In this lab, we will be working with the NCBI API to
make queries and extract information using XML and regular expressions.
For this lab, we will be using the httr
, xml2
,
and stringr
R packages.
This markdown document should be rendered using
github_document
document ONLY and pushed to your
JSC370-labs repository in lab06/README.md
.
Build an automatic counter of sars-cov-2 papers using PubMed. You will need to apply XPath as we did during the lecture to extract the number of results returned by PubMed in the following web address:
https://pubmed.ncbi.nlm.nih.gov/?term=sars-cov-2
Complete the lines of code:
# Downloading the website
website <- xml2::read_html("[URL]")
# Finding the counts
counts <- xml2::xml_find_first(website, "[XPath]")
# Turning it into text
counts <- as.character(counts)
# Extracting the data using regex
stringr::str_extract(counts, "[REGEX FOR NUMBERS WITH COMMAS/DOTS]")
Answer here.
Don’t forget to commit your work!
Use the function httr::GET()
to make the following
query:
Baseline URL: https://eutils.ncbi.nlm.nih.gov/entrez/eutils/esearch.fcgi
Query parameters:
The parameters passed to the query are documented here.
library(httr)
query_ids <- GET(
url = "BASELINE URL",
query = list("QUERY PARAMETERS")
)
# Extracting the content of the response of GET
ids <- httr::content(query_ids)
The query will return an XML object, we can turn it into a character
list to analyze the text directly with as.character()
.
Another way of processing the data could be using lists with the
function xml2::as_list()
. We will skip the latter for
now.
Take a look at the data, and continue with the next question (don’t forget to commit and push your results to your GitHub repo!).
The Ids are wrapped around text in the following way:
<Id>... id number ...</Id>
. we can use a
regular expression that extract that information. Fill out the following
lines of code:
# Turn the result into a character vector
ids <- as.character(ids)
# Find all the ids
ids <- stringr::str_extract_all(ids, "PATTERN")[[1]]
# Remove all the leading and trailing <Id> </Id>. Make use of "|"
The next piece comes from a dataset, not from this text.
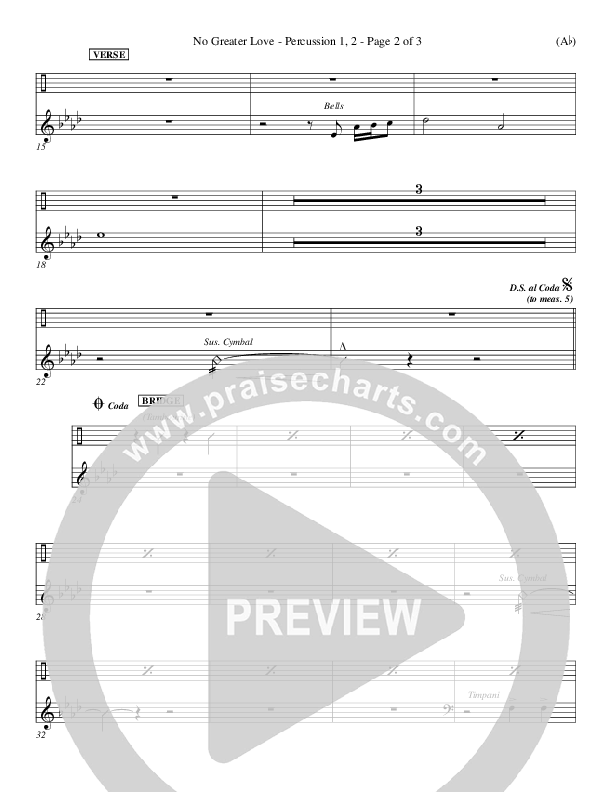 No Greater Love Percussion 1/2 (Tommy Walker)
ids <- stringr::str_remove_all(ids, "PATTERN")
With the ids in hand, we can now try to get the abstracts of the papers. As before, we will need to coerce the contents (results) to a list using:
Baseline url: https://eutils.ncbi.nlm.nih.gov/entrez/eutils/efetch.fcgi
Query parameters:
Pro-tip: If you want GET()
to take some
element literal, wrap it around I()
(as you would do in a
formula in R). For example, the text "123,456"
is replaced
with "123%2C456"
. If you don’t want that behavior, you
would need to do the following I("123,456")
.
publications <- GET(
url = "BASELINE URL HERE",
query = list(
"PARAMETERS OF THE QUERY"
)
)
# Turning the output into character vector
publications <- httr::content(publications)
publications_txt <- as.character(publications)
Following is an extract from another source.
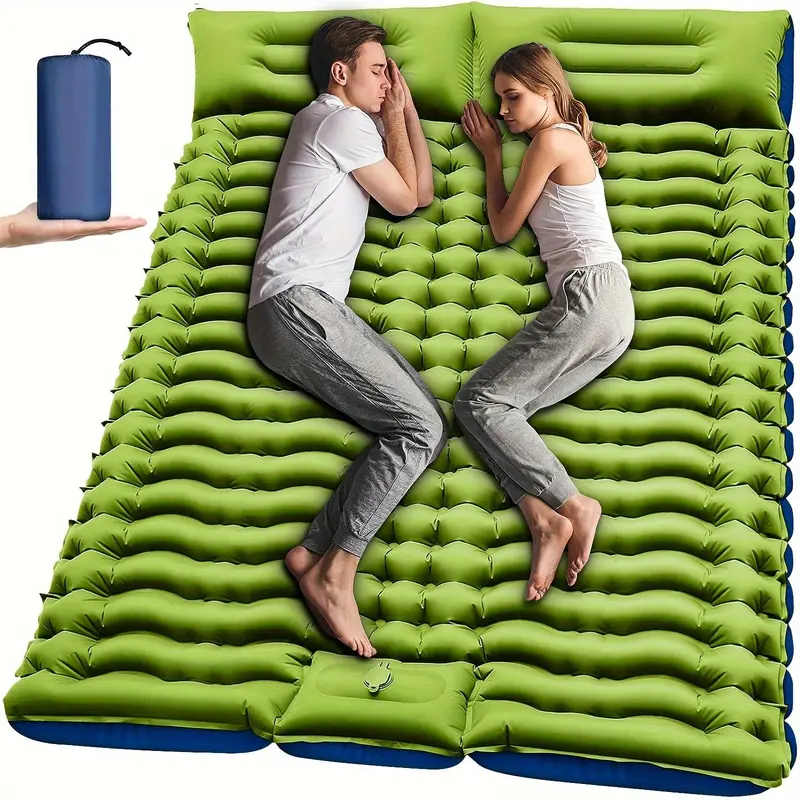 Double Sleeping Pad - Self Inflating Extra-Thick for 2 Person with Pillow Built-in Foot Pump Inflatable Sleeping Mat for Backpacking, Hiking, Traveling, Tent, Portable Camping Mat 1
With this in hand, we can now analyze the data. This is also a good time for committing and pushing your work!
Using the function stringr::str_extract_all()
applied on
publications_txt
, capture all the terms of the form:
Write a regular expression that captures all such instances
institution <- str_extract_all(
publications_txt,
"[YOUR REGULAR EXPRESSION HERE]"
)
institution <- unlist(institution)
as.data.frame(table(institution))
Repeat the exercise and this time focus on schools and departments in the form of
And tabulate the results
schools_and_deps <- str_extract_all(
abstracts_txt,
"[YOUR REGULAR EXPRESSION HERE]"
)
as.data.frame(table(schools_and_deps))
We want to build a dataset which includes the title and the abstract
of the paper. The title of all records is enclosed by the HTML tag
ArticleTitle
, and the abstract by
Abstract
.
Before applying the functions to extract text directly, it will help
to process the XML a bit. We will use the
xml2::xml_children()
function to keep one element per id.
This way, if a paper is missing the abstract, or something else, we will
be able to properly match PUBMED IDS with their corresponding
records.
pub_char_list <- xml2::xml_children(publications)
pub_char_list <- sapply(pub_char_list, as.character)
Now, extract the abstract and article title for each one of the
elements of pub_char_list
. You can either use
sapply()
as we just did, or simply take advantage of
vectorization of stringr::str_extract
abstracts <- str_extract(pub_char_list, "[YOUR REGULAR EXPRESSION]")
abstracts <- str_remove_all(abstracts, "[CLEAN ALL THE HTML TAGS]")
abstracts <- str_remove_all(abstracts, "[CLEAN ALL EXTRA WHITE SPACE AND NEW LINES]")
Answer here.
Now, the title
titles <- str_extract(pub_char_list, "[YOUR REGULAR EXPRESSION]")
titles <- str_remove_all(titles, "[CLEAN ALL THE HTML TAGS]")
Answer here.
Finally, put everything together into a single
data.frame
and use knitr::kable
to print the
results
database <- data.frame(
"[DATA TO CONCATENATE]"
)
knitr::kable(database)
Done! Knit the document, commit, and push.
You can still share the HTML document on github. You can include a
link in your README.md
file as the following:
View [here](https://cdn.jsdelivr.net/gh/:user/:repo@:tag/:file)
For example, if we wanted to add a direct link the HTML page of lecture 6, we could do something like the following:
View Week 6 Lecture [here]()